Docker is great and all (despite me really needing to learn more about it), but I’ve noticed a new issues that I don’t think many people really think about.
Again, I like Docker. I run a couple containers at home, and they work great for what I need. I also know there are a lot of things out there you can use Docker with, and you can even use them to run older versions of applications that may not exist on the newer OS you’re running, but that is what got me thinking about the security aspect of Docker.
When building a docker container, generally you will run the latest available version. So in the Docker configuration files it will install a base Linux OS (for example) and get you the latest version of the packages available. Now lets say you’re running a simple LAMP stack solution like WordPress. When you build the container it will get the latest version of some Linux, like Alpine or Ubuntu, and set it up with Apache/NGINX and PHP. You will get WordPress and your plugins and everything setup. Great. You’re up and running in no time!

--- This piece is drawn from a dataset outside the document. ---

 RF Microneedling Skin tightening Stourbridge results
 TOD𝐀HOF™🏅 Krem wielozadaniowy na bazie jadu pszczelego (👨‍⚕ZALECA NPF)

Now I’m not going to talk about making sure WordPress, plugins, or themes are being updated, or whether or not you have HTTPS setup. I’m going to talk about that little Linux that is running everything. What happens when an update for PHP comes out. Some nasty vulnerability was found and you need to update. Well normally an admins would go in and run something like apt or yum to update PHP and you’re good to go, but with Docker it isn’t always strait forward. You can’t log in and update, you must rebuild your container. You must do it right so you don’t clobber your WordPress installation, but then you have to check WordPress to ensure things like PHP were updated to the latest release. There is no guarantee that you will be running the latest version depending on who you got your container from. Now, there are cases where this isn’t as big of a deal. What if you have an application that runs in Docker on something like AWS where you can setup Blue-Green deployments and they are regularly updated, then maybe, just maybe everything will be okay and things will get patched when a new Docker container is built, but what about for the guy at a home lab who just wants to setup a simple service. You will have to check that everything is up to date on a regular basis. This might not be as easy since there isn’t really a good way to get exact version numbers out of Docker for the installed packages, so you have to rebuild and hope for the best.
Don’t get me wrong, I think Docker can be a great solution, but I don’t feel that it is the end all, perfect solution that people are touting these days. Docker has it’s place, just like having a full Linux VM (or running on bare metal) system has it’s place. The goal is to find what works best for your use case and your organization.